# [Work task]
If pictures appear in the lines below, skip them and copy exactly the lines from the one containing "PROTOTOP TECHNOLOGY CO.,Ltd" through the one containing "Samsung Galaxy F23 5G Refurbished", and nothing else.

# [Exercise inputs]
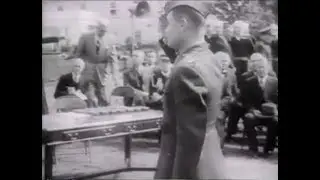 Con. Medal of Honor Awarded:  Pappy Boyington, George Wahlen, Jack Lucas & William Harrell  - 1945
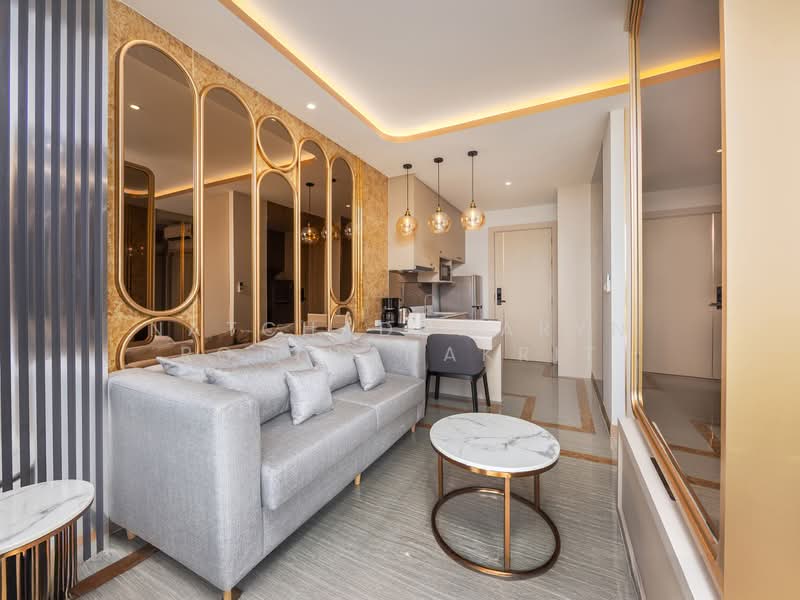 Bellevue Lagoon : เบลล์วิว ลากูน, ภูเก็ต, เทพกระษัตรี, ถลาง, ภูเก็ต, 34 ตร.ม., คอนโด ขาย, โดย Natchadawaryn Rojthanakrit, 500214728 - DDproperty.com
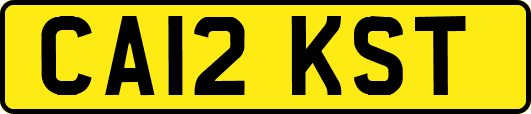 CA12KST
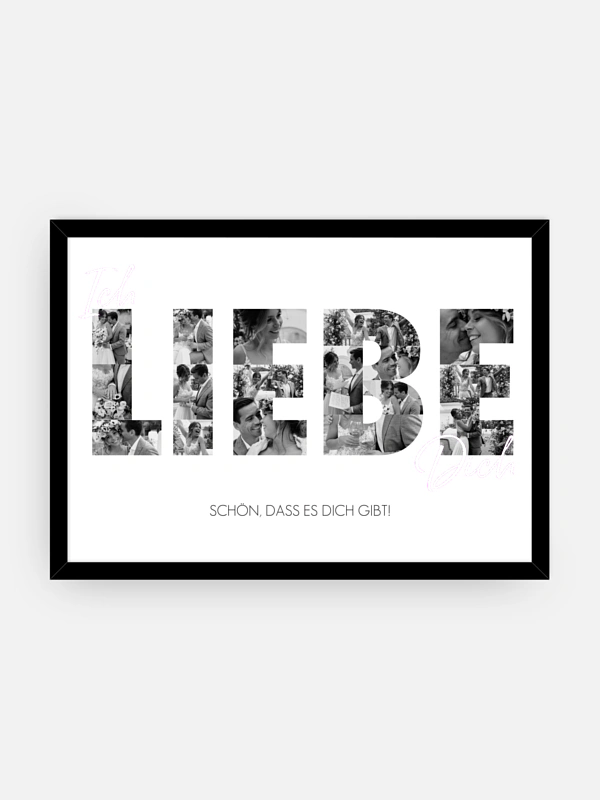 Ich Liebe Dich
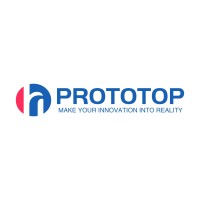 PROTOTOP TECHNOLOGY CO.,Ltd logo - Similar company to Xiamen Interactive Technology Co., Ltd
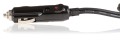 Przetwornica samochodowa inwerter napięcia 12V 230V 300W + USB
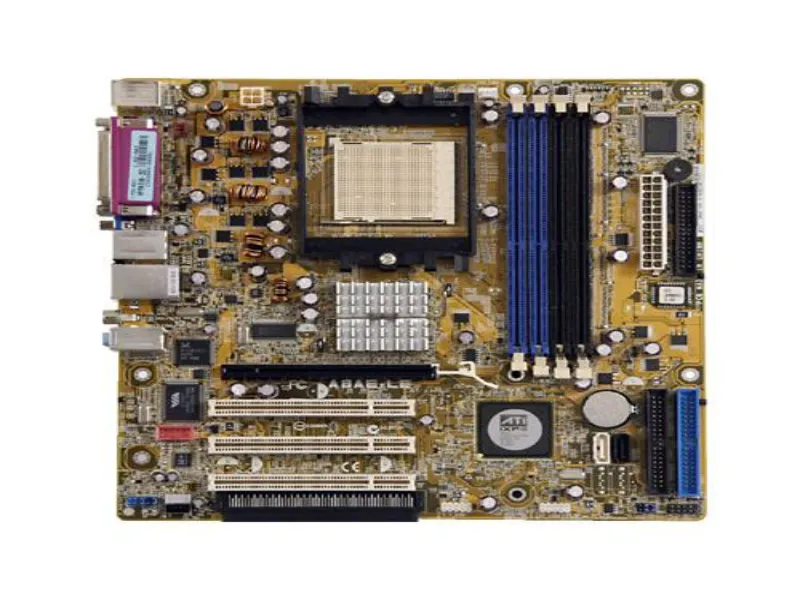 5188-4364 HP Amberine-GL6E RS482 SB400 Chipset Socket 9...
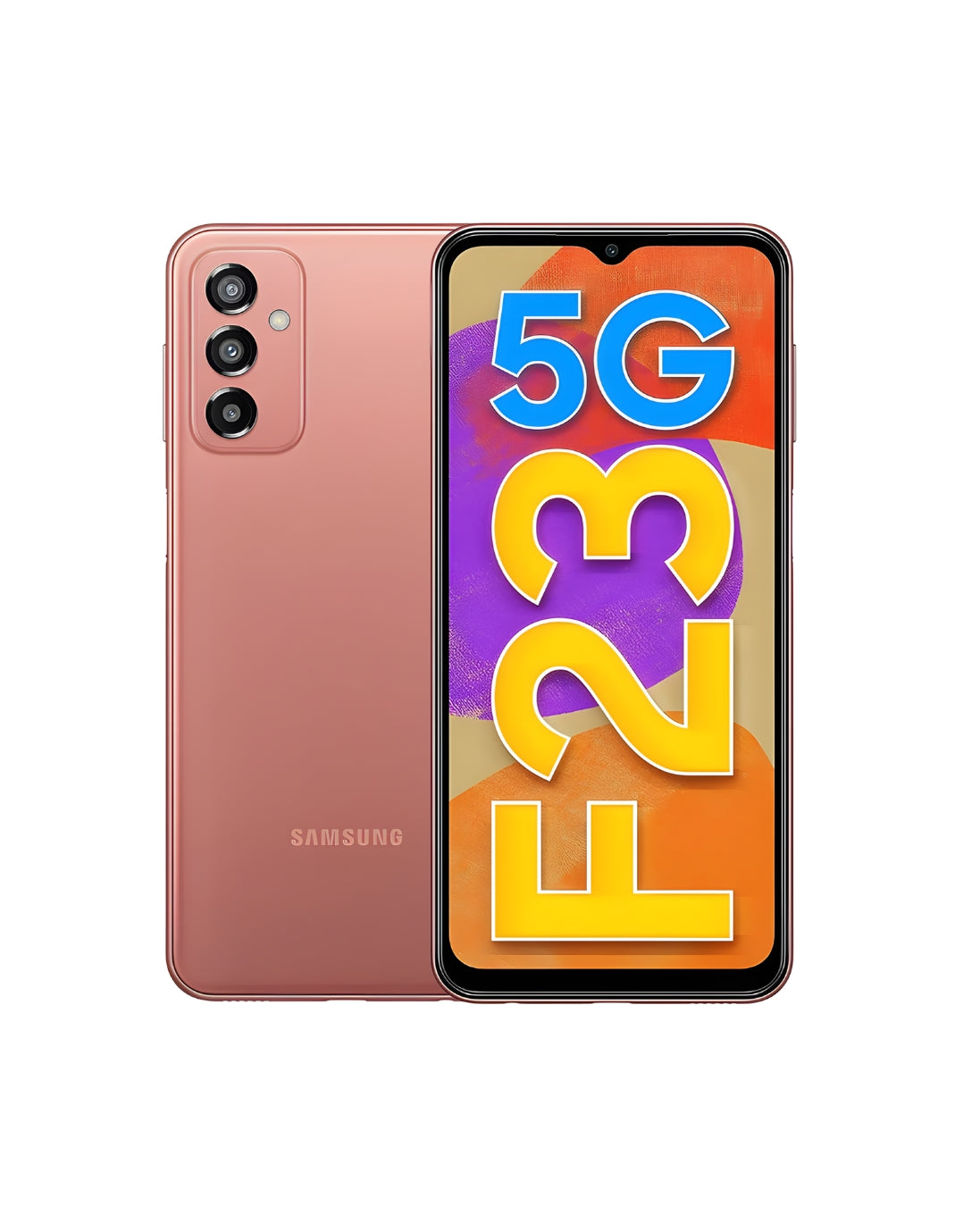 Samsung Galaxy F23 5G Refurbished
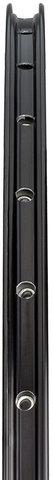 Open Elite 28" Rim - black/36 hole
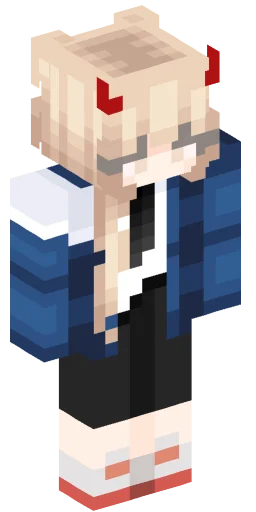 Minecraft Skin #247899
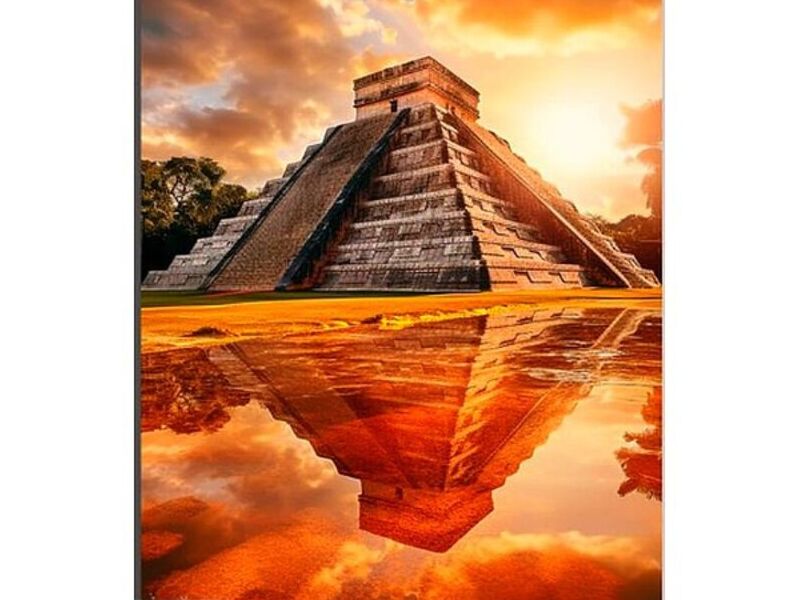 Cuadros Decorativos México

# [Reply to the task]
 PROTOTOP TECHNOLOGY CO.,Ltd logo - Similar company to Xiamen Interactive Technology Co., Ltd
 Przetwornica samochodowa inwerter napięcia 12V 230V 300W + USB
 5188-4364 HP Amberine-GL6E RS482 SB400 Chipset Socket 9...
 Samsung Galaxy F23 5G Refurbished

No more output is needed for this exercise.